Kim Yo Jong will move up from her current role as deputy director of WPK’s Propaganda and Agitation Department, in which she oversees the personality cult of the “Supreme Leader” and leads “idolization projects related to Kim Jong Un,” according to Daily NK.
The WPK’s seventh congress is due to convene on Friday and last three or four days.
Kim Jong Un will reportedly appoint his millennial sister, thought to be 29 years old, as the director of WPK’s Propaganda department, a ministerial position.
“There is a high possibility that Kim Yo Jong will be promoted to the director as she has built field experience by helping Kim Jong Un over the past three years,” Yang Moo-jin, a professor at the University of North Korean Studies in Seoul, told South Korea’s Yonhap News.
“She is the only one who Kim Jong Un has been depending on and trusting,” he said.
There had been reports in October 2015 that Kim Jong Un had fired his sister due to a series of mismanaged events, one of which included Kim Jong Un almost being hit in the face with a guitar while visiting a collective farm.

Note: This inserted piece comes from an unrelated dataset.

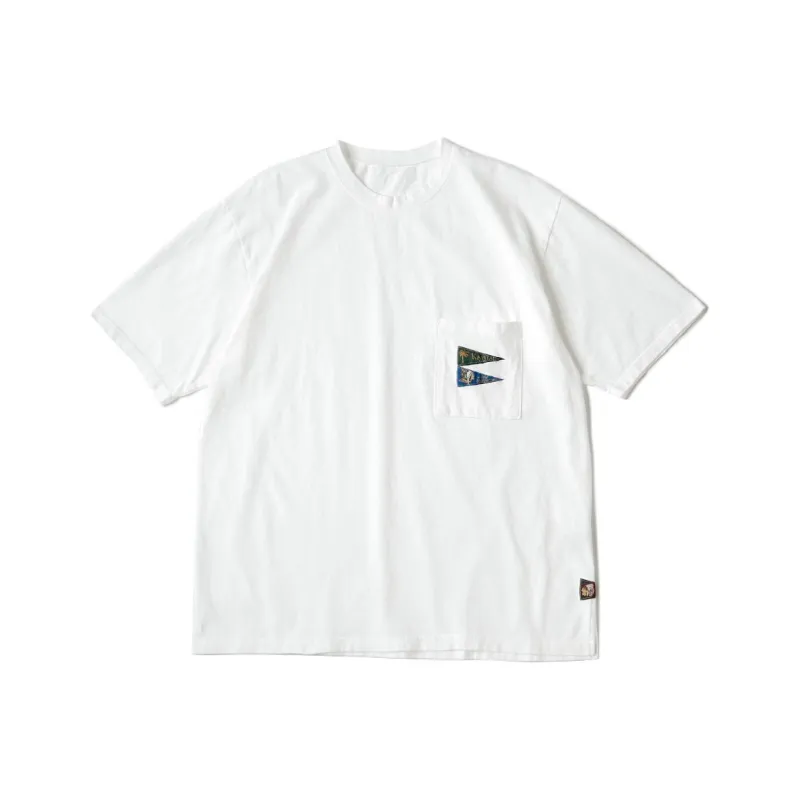Kapital 20 / Jersey Pennant T 3Flags-0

This rumored promotion would prove these reports incorrect, however. The move would actually mirror the actions of their father, Kim Jong Il, who also appointed his sister, Kim Kyong Hui, to the same role.
Kim Yo Jong probably won’t be the only one to receive a new job title this weekend, with a number of younger party members thought to be poised to move up in rank as part of a “generation shift in the party officials,” the Korea Times reports.
This will see some important positions filled by people closer in age to Kim Jong Un, who is believed to be 33-years-old.
This is only the seventh congress to be held by the WPK. The last one was headed by Kim Jong Un’s grandfather, Kim Il Sung, in 1980, when Kim Jong Un and his sister had yet to be born.
While a lot of secrecy surrounds the agenda for the event, which will be attended by up to 3,000 people, it is thought that the North Korean leader will outline his vision for the country in the coming years, which may revolve around its efforts to be perceived as a nuclear state.
This would follow on an increasing number of missile and nuclear tests conducted by Pyongyang in recent months, including a submarine-launched ballistic missile that was launched in April.